En su primera comparecencia tras el descalabro electoral, Mas ha apelado a su responsabilidad y a la del resto de las fuerzas políticas con representanción parlamentaria para que Cataluña no se convierta en un país “ingobernable”. El problema para el líder de CiU es que ha sido su muy arriesgada y partidista decisión de adelantar las elecciones la que ha situado al Govern ante un trance bastante peor del que se encontraba. No se trata únicamente de que gestionar con 50 parlamentarios detrás sea más difícil que hacerlo con los 62 que atesoraba. Es que resulta poco probable que ninguno de sus rivales esté por la labor, al menos momentáneamente, de mejorarle la papeleta. Esquerra, porque se sabe ganadora en el doble frente del soberanismo y la izquierda; el PP, porque Rajoy ya no siente en el cogote la respiración del Artur Mas envalentonado por la efervescencia secesionista; incluso los socialistas, que profundizan en su caída, se van a permitir hoy la comparecencia de Rubalcaba, a diferencia del elocuente silencio que rodeó la debacle en las elecciones gallegas de hace un mes.

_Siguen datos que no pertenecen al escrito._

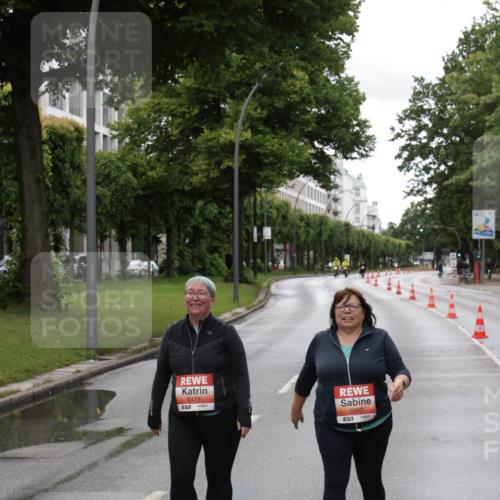 14.06.2026 - REWE Women's Run Jannik Wohlers http://msf.ph/oto/9815453 14.06.2026 10:44:49 Laufen 5479, 5997, 57, 1 meine-sportfotos.de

Inmersa en sus propias cuitas, la política vasca se ha mantenido alejada del contagio catalán, en buena medida porque el PNV ha optado por enfriar la fiebre independentista consciente de los peligros que comporta alimentar en el terreno identitario la rivalidad fratricida que mantiene con la izquierda abertzale. Los jeltzales pueden aspirar a la soberanía plena para Euskadi, pero lo que nunca pretenderán es quedar subordinados ante quienes les disputan el ADN del nacionalismo. Que es la posición en la que las urnas han colocado a Mas frente a Esquerra, si el president no halla un socio alternativo en el que apoyarse para poder seguir gobernando en una fragilidad corregida y aumentada.